Data for analysis ::

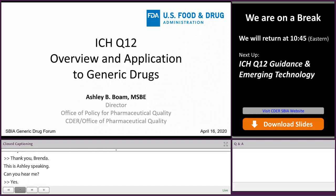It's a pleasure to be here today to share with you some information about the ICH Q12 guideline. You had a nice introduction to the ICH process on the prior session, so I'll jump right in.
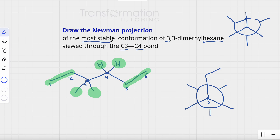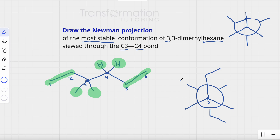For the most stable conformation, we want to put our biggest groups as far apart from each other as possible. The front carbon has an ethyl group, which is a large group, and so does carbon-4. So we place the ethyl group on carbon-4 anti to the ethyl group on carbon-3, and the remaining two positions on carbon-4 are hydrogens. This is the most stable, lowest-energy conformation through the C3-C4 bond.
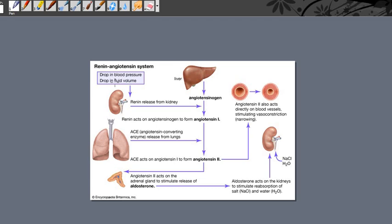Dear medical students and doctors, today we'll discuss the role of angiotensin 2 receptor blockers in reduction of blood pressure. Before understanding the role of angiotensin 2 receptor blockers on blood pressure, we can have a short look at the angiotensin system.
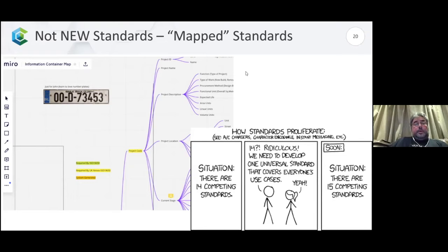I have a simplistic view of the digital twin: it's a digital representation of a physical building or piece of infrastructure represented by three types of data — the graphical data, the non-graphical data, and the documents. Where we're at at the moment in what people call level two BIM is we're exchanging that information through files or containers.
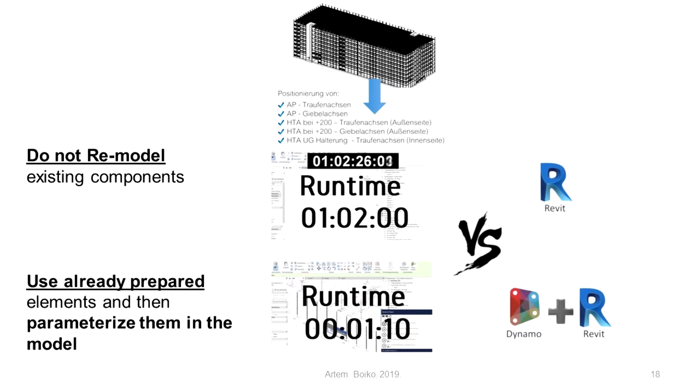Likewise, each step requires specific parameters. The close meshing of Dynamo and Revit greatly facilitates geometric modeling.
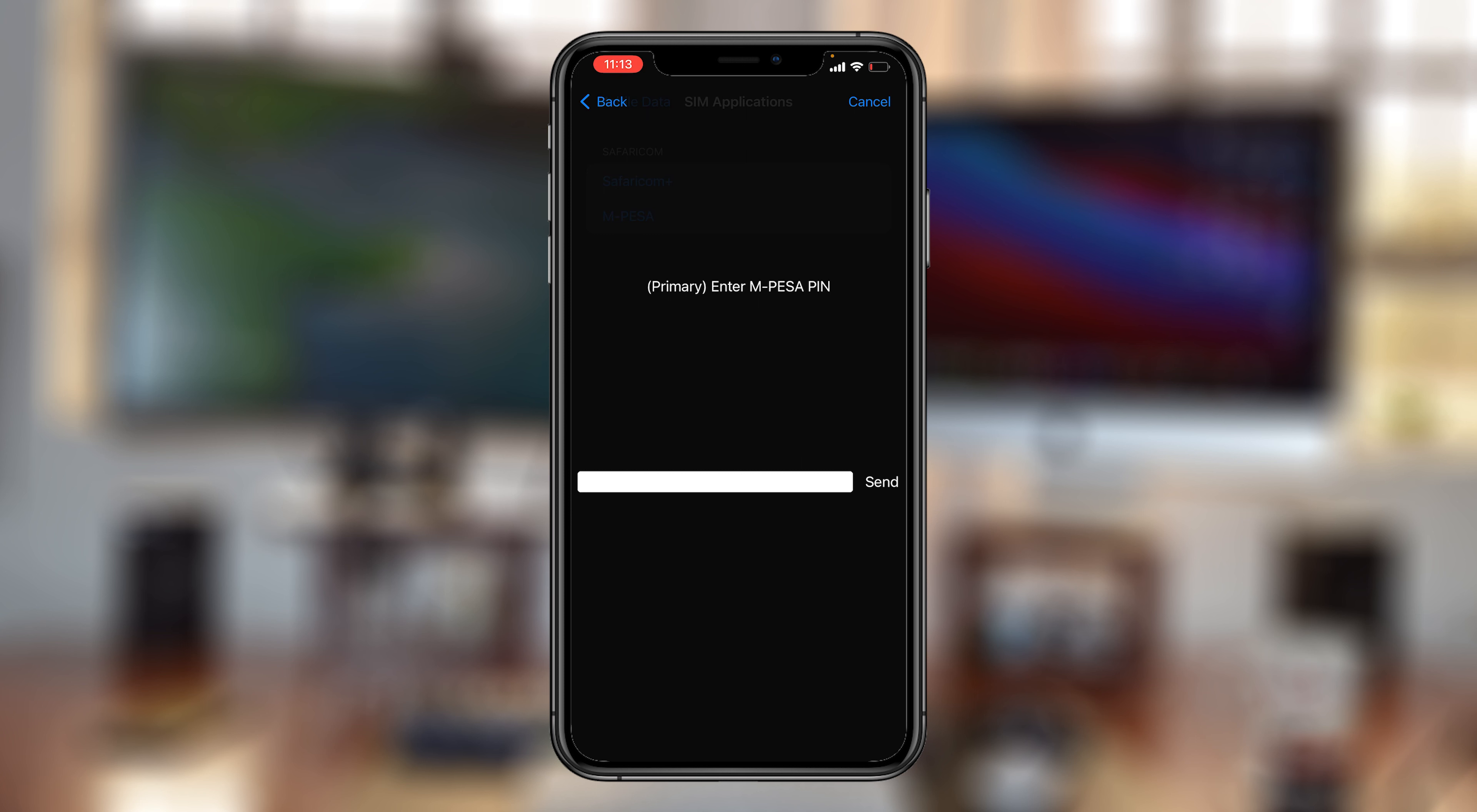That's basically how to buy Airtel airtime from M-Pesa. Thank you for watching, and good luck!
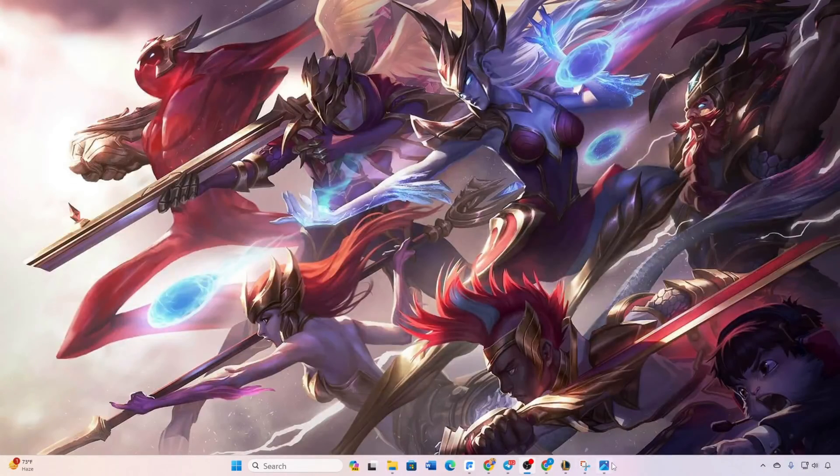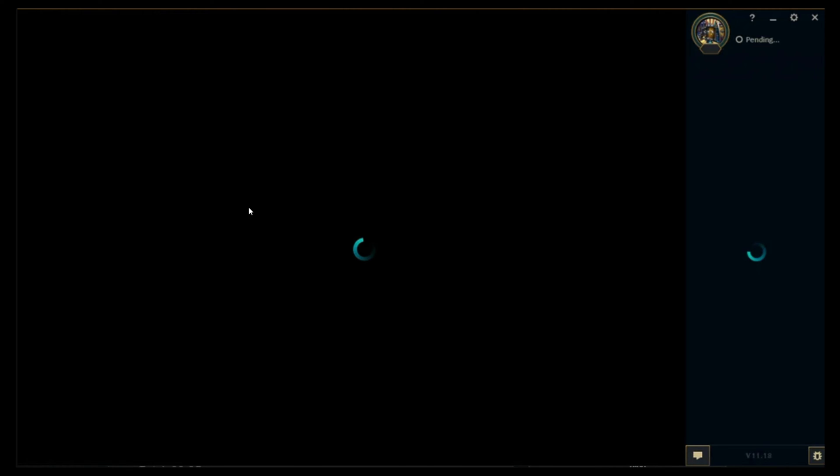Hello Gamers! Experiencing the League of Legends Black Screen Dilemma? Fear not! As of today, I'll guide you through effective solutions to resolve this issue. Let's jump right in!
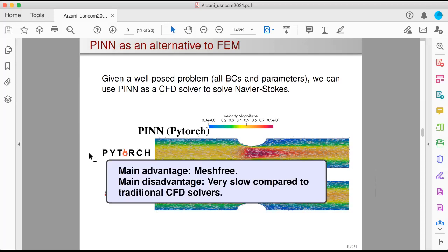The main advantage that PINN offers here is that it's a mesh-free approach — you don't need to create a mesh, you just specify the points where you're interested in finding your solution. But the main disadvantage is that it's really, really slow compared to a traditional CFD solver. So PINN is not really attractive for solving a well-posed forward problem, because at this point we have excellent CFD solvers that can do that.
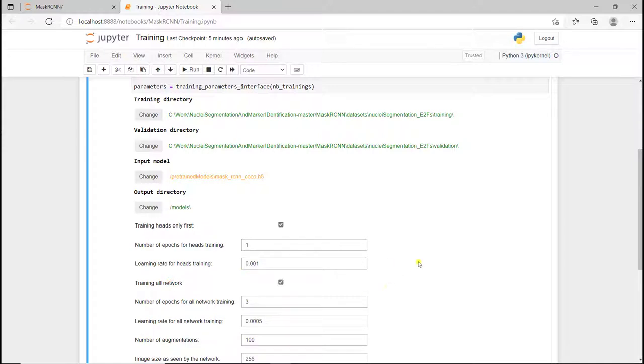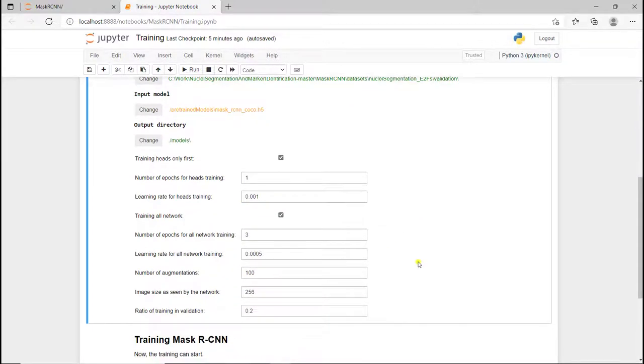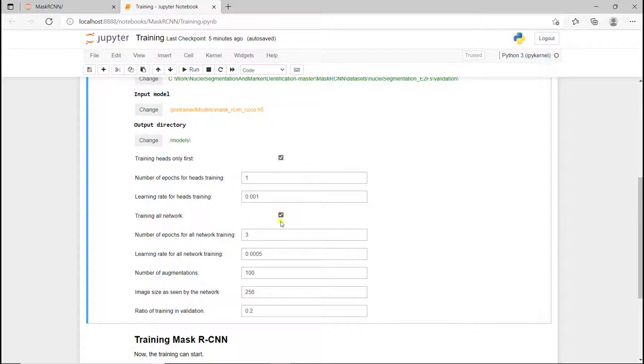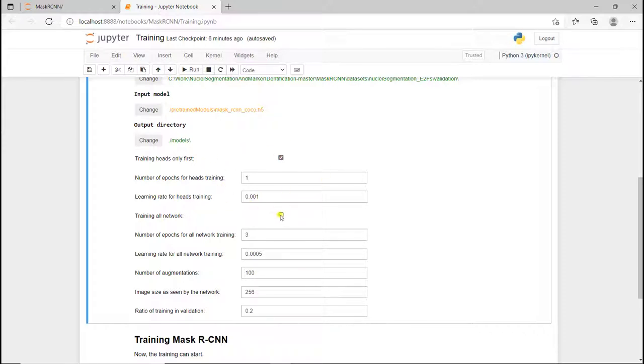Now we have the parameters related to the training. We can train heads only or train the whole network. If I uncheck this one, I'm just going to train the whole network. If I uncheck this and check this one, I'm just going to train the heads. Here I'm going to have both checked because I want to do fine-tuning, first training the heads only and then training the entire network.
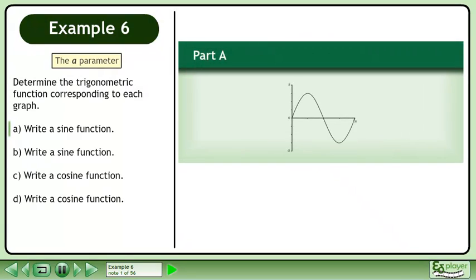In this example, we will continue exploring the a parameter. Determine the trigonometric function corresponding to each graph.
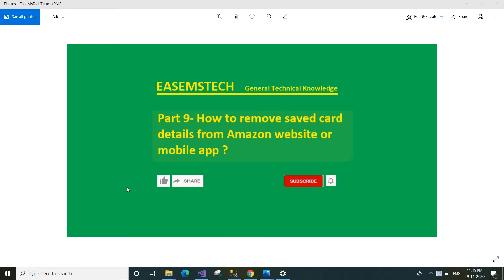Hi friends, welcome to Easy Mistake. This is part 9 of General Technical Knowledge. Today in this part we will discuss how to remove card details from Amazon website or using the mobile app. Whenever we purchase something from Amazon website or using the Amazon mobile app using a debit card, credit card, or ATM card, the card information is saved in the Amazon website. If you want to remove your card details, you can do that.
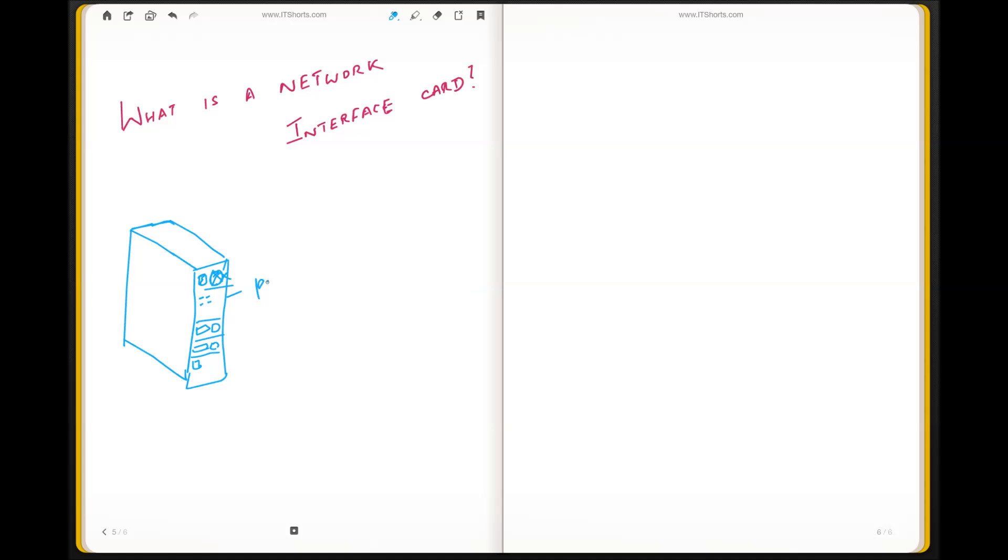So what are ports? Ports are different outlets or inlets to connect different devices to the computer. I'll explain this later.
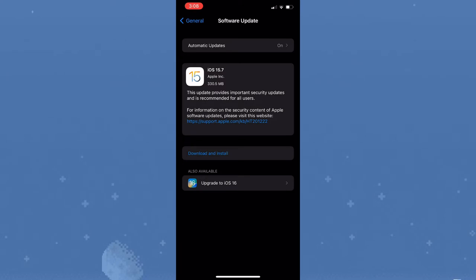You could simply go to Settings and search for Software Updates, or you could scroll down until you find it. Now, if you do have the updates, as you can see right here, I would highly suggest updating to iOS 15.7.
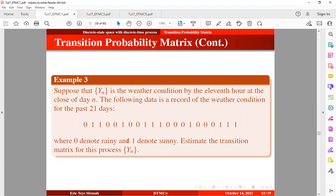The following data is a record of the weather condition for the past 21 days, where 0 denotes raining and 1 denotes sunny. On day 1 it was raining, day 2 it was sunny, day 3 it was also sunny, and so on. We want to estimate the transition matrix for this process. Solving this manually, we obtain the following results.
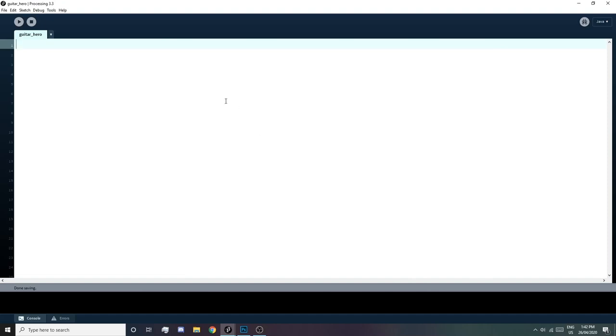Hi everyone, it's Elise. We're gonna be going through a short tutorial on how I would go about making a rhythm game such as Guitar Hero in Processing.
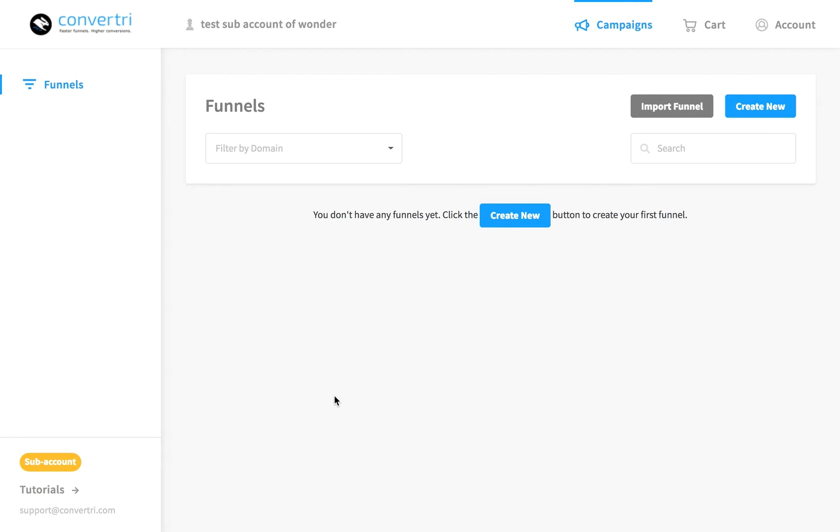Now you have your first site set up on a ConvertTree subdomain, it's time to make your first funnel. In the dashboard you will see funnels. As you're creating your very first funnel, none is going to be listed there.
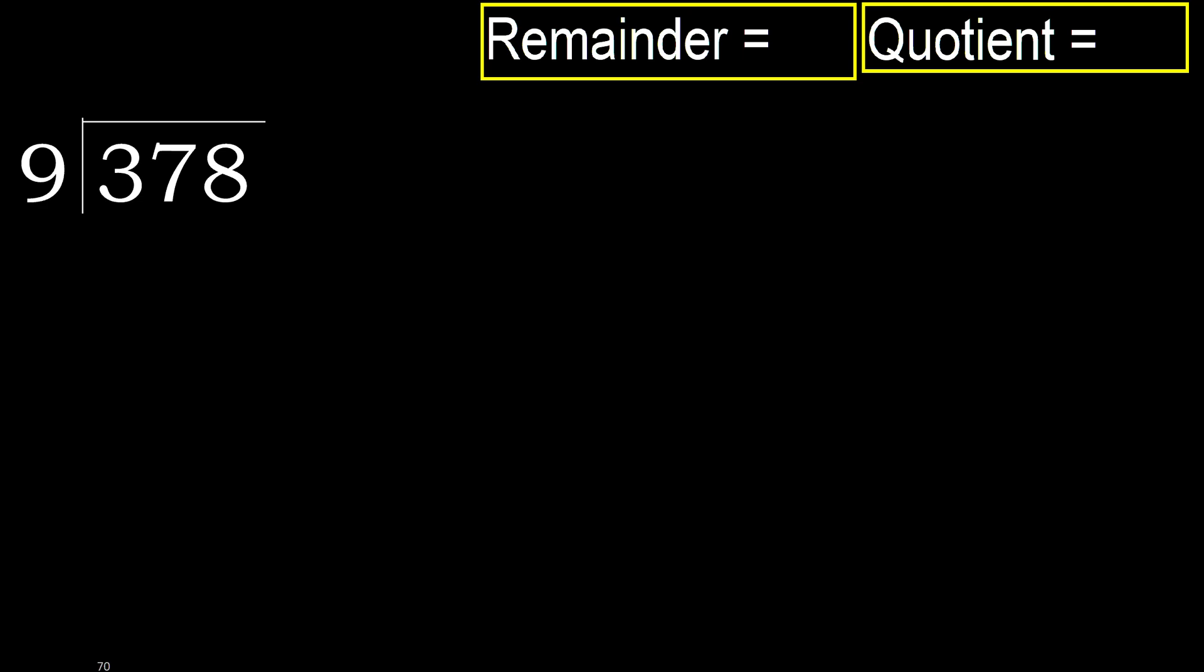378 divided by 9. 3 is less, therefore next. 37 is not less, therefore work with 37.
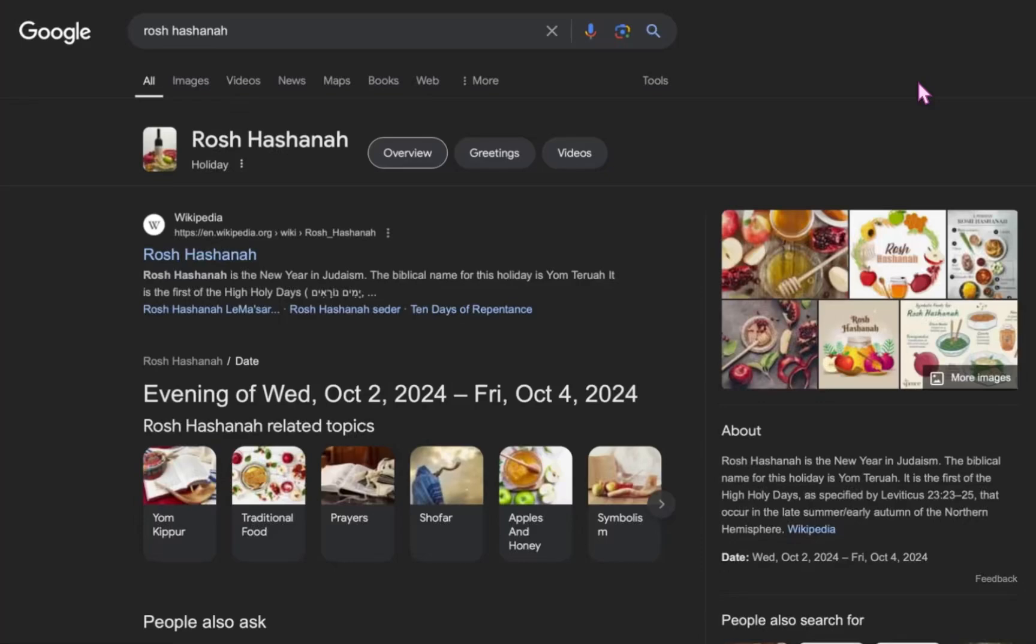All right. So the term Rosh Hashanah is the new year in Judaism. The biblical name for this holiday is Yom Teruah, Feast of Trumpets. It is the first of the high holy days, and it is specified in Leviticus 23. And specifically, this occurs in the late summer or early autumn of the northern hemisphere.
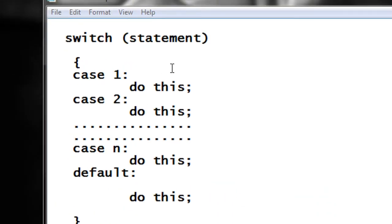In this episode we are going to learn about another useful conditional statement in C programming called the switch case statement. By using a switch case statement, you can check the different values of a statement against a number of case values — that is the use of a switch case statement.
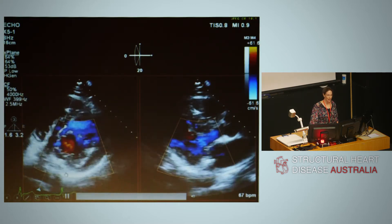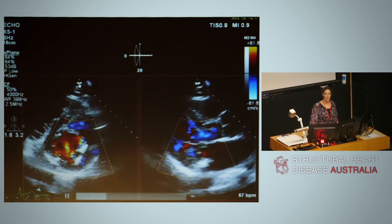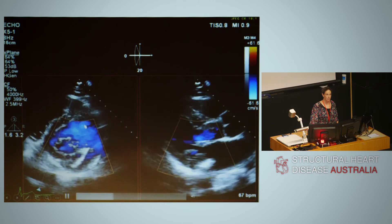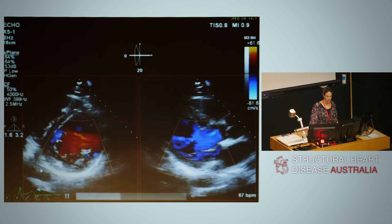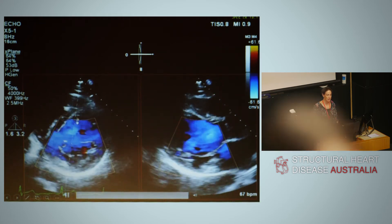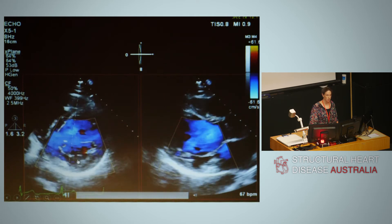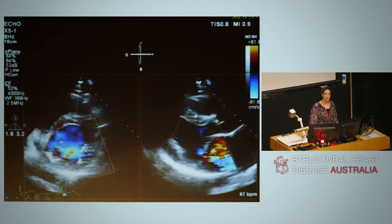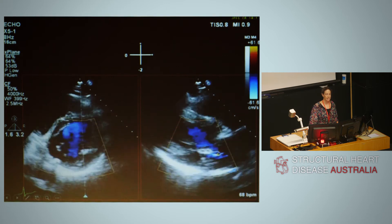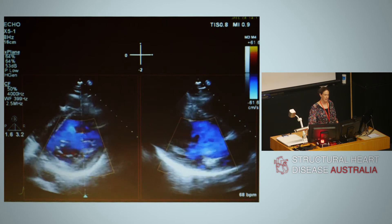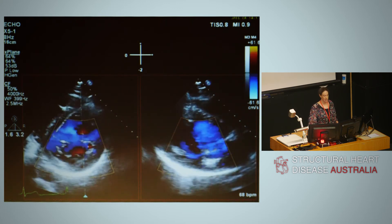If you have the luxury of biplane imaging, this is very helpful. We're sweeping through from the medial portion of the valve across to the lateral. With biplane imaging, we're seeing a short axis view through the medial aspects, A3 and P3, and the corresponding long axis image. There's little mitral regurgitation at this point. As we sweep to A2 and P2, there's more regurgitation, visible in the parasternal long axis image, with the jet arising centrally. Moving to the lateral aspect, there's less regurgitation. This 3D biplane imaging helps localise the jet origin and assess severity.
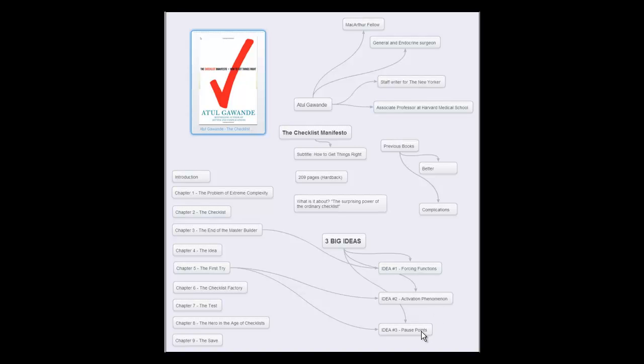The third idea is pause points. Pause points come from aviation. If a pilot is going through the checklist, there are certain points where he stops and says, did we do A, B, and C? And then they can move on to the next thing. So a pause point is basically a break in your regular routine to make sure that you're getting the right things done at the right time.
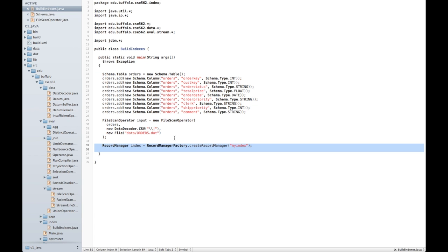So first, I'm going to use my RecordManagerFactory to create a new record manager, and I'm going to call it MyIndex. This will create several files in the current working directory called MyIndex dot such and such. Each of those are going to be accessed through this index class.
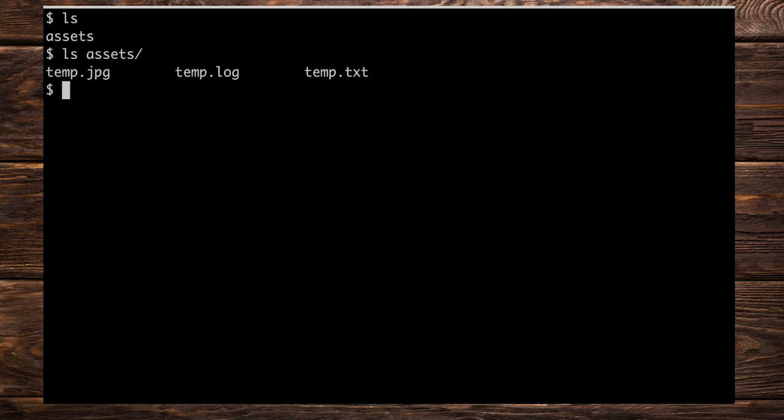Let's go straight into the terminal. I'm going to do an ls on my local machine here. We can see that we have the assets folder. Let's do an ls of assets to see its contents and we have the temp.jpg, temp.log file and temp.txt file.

Task to complete ::
Although the records above contain pictures, the copy should not; retype exactly the lines from the one containing "For the most" through the one containing "Dear medical students".

Reply ::
For the most stable conformation, we want to put our biggest groups as far apart from each other as possible. The front carbon has an ethyl group, which is a large group, and so does carbon-4. So we place the ethyl group on carbon-4 anti to the ethyl group on carbon-3, and the remaining two positions on carbon-4 are hydrogens. This is the most stable, lowest-energy conformation through the C3-C4 bond.
Dear medical students and doctors, today we'll discuss the role of angiotensin 2 receptor blockers in reduction of blood pressure. Before understanding the role of angiotensin 2 receptor blockers on blood pressure, we can have a short look at the angiotensin system.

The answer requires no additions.